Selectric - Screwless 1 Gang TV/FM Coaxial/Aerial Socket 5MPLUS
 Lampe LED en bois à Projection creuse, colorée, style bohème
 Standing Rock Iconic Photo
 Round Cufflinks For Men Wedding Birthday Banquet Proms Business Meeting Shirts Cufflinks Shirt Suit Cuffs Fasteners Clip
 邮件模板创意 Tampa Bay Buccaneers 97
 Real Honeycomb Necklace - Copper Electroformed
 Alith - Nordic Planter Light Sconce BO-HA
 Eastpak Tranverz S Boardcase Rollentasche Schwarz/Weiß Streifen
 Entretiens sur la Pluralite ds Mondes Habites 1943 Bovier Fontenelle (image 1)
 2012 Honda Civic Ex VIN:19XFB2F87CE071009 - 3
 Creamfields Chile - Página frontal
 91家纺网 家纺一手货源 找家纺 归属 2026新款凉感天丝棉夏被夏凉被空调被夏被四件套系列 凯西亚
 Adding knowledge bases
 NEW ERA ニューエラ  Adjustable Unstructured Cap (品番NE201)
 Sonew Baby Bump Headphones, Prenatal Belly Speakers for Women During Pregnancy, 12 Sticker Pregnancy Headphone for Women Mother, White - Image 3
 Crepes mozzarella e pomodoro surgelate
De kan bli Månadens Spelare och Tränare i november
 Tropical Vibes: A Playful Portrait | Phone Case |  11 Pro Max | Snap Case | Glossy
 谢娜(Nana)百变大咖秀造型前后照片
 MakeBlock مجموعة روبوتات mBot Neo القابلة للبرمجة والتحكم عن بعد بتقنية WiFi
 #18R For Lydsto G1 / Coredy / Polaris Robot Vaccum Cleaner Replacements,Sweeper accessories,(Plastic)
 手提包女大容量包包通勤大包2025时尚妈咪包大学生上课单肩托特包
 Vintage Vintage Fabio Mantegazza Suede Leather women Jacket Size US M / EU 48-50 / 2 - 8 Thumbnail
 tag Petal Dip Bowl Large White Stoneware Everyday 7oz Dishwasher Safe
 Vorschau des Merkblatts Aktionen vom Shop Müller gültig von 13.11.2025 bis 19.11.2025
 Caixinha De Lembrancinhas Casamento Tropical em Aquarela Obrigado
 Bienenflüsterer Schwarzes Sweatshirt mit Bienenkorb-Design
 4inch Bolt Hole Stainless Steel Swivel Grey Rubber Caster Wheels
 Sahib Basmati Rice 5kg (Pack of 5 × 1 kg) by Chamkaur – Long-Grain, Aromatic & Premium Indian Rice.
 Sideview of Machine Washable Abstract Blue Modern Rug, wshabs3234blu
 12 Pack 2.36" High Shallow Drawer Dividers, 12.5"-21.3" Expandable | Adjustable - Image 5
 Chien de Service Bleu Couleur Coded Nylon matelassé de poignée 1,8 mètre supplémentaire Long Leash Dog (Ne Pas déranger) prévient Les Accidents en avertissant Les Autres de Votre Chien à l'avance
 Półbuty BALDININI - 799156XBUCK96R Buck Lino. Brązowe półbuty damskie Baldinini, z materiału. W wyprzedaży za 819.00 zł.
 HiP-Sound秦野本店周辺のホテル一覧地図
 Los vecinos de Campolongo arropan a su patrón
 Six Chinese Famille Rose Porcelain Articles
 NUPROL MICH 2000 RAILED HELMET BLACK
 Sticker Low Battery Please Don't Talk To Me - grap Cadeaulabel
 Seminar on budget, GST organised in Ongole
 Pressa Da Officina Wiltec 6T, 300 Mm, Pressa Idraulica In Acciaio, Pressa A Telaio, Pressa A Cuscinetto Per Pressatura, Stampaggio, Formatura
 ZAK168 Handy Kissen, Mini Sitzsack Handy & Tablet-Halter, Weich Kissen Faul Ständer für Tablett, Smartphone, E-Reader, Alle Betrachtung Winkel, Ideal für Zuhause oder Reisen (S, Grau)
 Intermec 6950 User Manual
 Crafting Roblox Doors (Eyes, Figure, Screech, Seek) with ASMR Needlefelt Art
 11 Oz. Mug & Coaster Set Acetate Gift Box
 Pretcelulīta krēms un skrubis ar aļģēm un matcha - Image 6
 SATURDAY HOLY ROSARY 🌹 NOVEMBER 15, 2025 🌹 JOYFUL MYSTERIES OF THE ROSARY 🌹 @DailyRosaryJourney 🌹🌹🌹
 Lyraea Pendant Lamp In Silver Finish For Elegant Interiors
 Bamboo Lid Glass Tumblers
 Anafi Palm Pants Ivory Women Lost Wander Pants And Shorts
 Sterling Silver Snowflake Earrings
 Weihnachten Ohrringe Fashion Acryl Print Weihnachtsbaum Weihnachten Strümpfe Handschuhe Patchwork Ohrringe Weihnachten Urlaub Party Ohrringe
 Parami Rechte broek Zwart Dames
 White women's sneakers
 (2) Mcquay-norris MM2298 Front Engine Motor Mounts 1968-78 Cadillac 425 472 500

● ● ●

#### How to complete this task
Copy out only the lines above from the one with "邮件模板创意 Tampa Bay Buccaneers 97" to the one with "4inch Bolt Hole", inclusive, exactly as they stand.

#### Reply to the exercise
 邮件模板创意 Tampa Bay Buccaneers 97
 Real Honeycomb Necklace - Copper Electroformed
 Alith - Nordic Planter Light Sconce BO-HA
 Eastpak Tranverz S Boardcase Rollentasche Schwarz/Weiß Streifen
 Entretiens sur la Pluralite ds Mondes Habites 1943 Bovier Fontenelle (image 1)
 2012 Honda Civic Ex VIN:19XFB2F87CE071009 - 3
 Creamfields Chile - Página frontal
 91家纺网 家纺一手货源 找家纺 归属 2026新款凉感天丝棉夏被夏凉被空调被夏被四件套系列 凯西亚
 Adding knowledge bases
 NEW ERA ニューエラ  Adjustable Unstructured Cap (品番NE201)
 Sonew Baby Bump Headphones, Prenatal Belly Speakers for Women During Pregnancy, 12 Sticker Pregnancy Headphone for Women Mother, White - Image 3
 Crepes mozzarella e pomodoro surgelate
De kan bli Månadens Spelare och Tränare i november
 Tropical Vibes: A Playful Portrait | Phone Case |  11 Pro Max | Snap Case | Glossy
 谢娜(Nana)百变大咖秀造型前后照片
 MakeBlock مجموعة روبوتات mBot Neo القابلة للبرمجة والتحكم عن بعد بتقنية WiFi
 #18R For Lydsto G1 / Coredy / Polaris Robot Vaccum Cleaner Replacements,Sweeper accessories,(Plastic)
 手提包女大容量包包通勤大包2025时尚妈咪包大学生上课单肩托特包
 Vintage Vintage Fabio Mantegazza Suede Leather women Jacket Size US M / EU 48-50 / 2 - 8 Thumbnail
 tag Petal Dip Bowl Large White Stoneware Everyday 7oz Dishwasher Safe
 Vorschau des Merkblatts Aktionen vom Shop Müller gültig von 13.11.2025 bis 19.11.2025
 Caixinha De Lembrancinhas Casamento Tropical em Aquarela Obrigado
 Bienenflüsterer Schwarzes Sweatshirt mit Bienenkorb-Design
 4inch Bolt Hole Stainless Steel Swivel Grey Rubber Caster Wheels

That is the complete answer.